▶ **TASK**
Everything in the listing below must be reproduced exactly, apart from its images.

▶ **PROVIDED DATA**
──────────

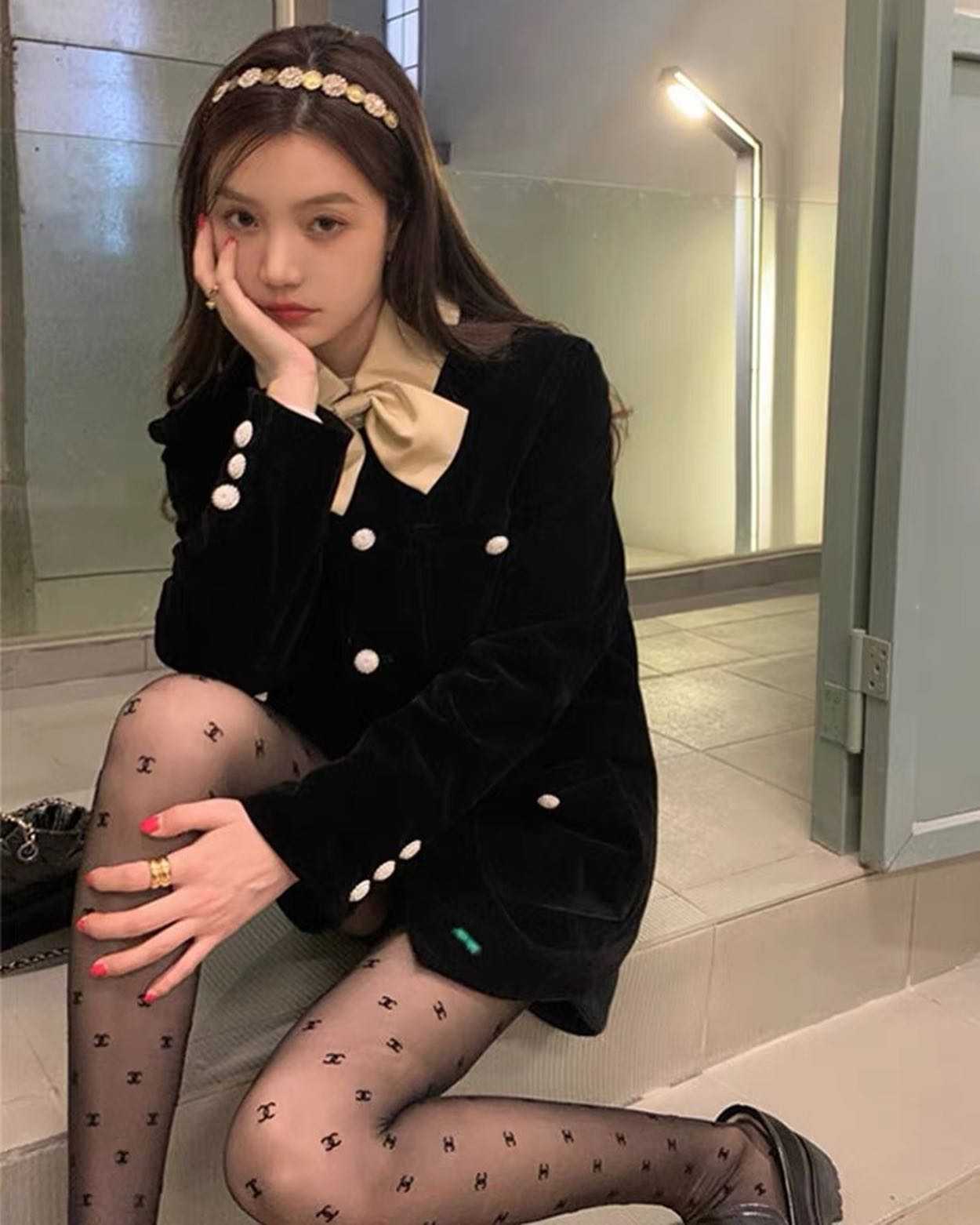 ถุงน่อง Chanel มีสองสี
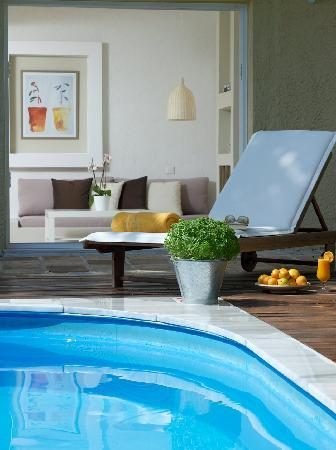 Atrium Hotel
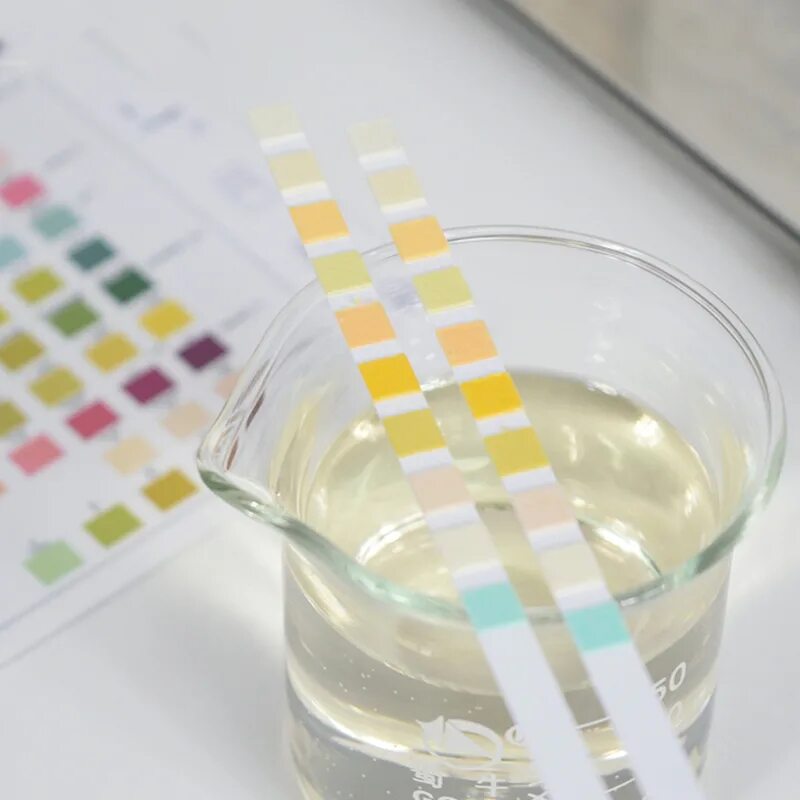 Очень прозрачная моча. Dipstick test мочи. urine test strip. прозрачная моча. полоски для мочи.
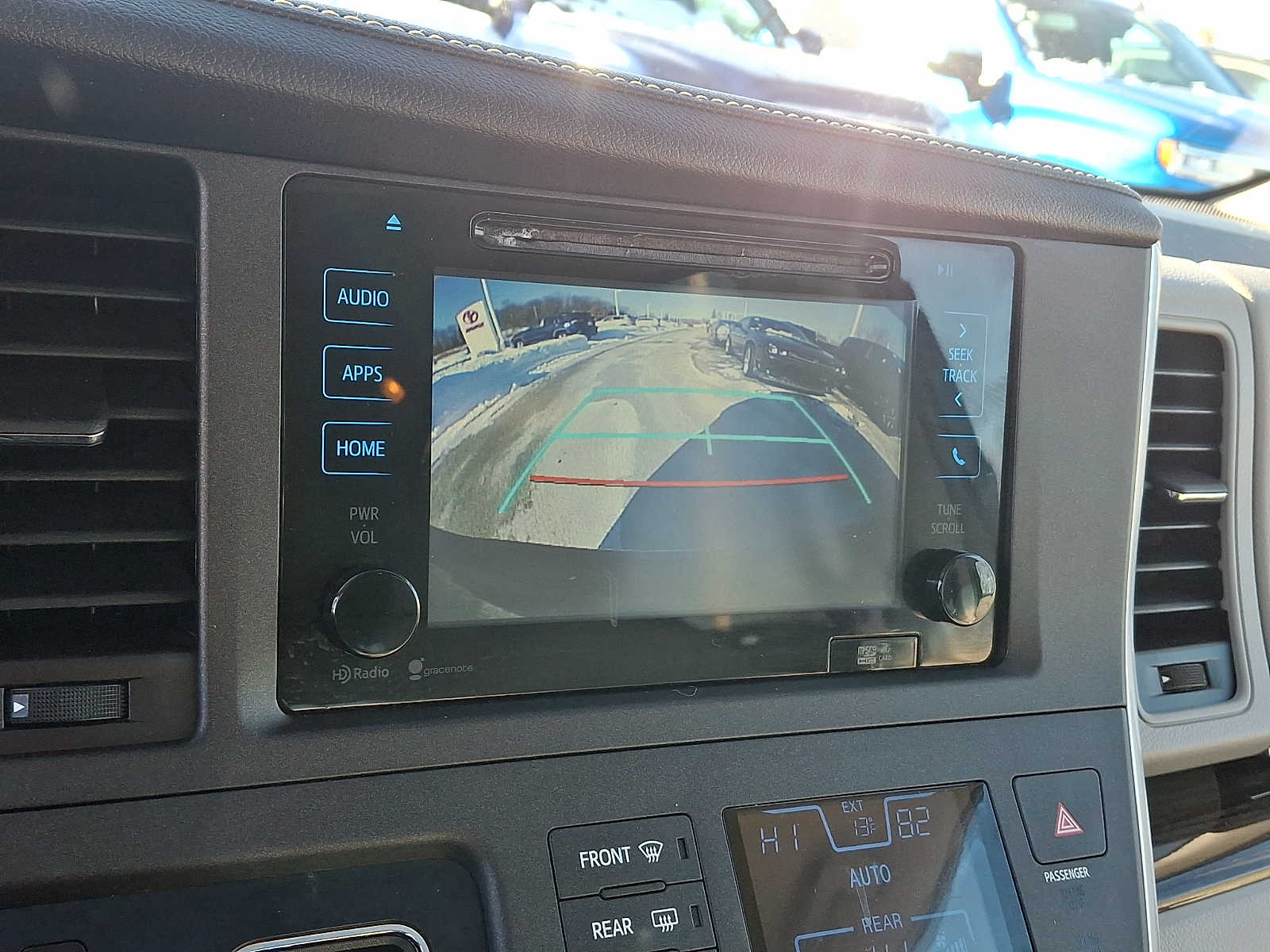 Thumbnail: 2015 Toyota Sienna - 23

──────────

▶ **OUTPUT OF THE TASK**
 ถุงน่อง Chanel มีสองสี
 Atrium Hotel
 Очень прозрачная моча. Dipstick test мочи. urine test strip. прозрачная моча. полоски для мочи.
 Thumbnail: 2015 Toyota Sienna - 23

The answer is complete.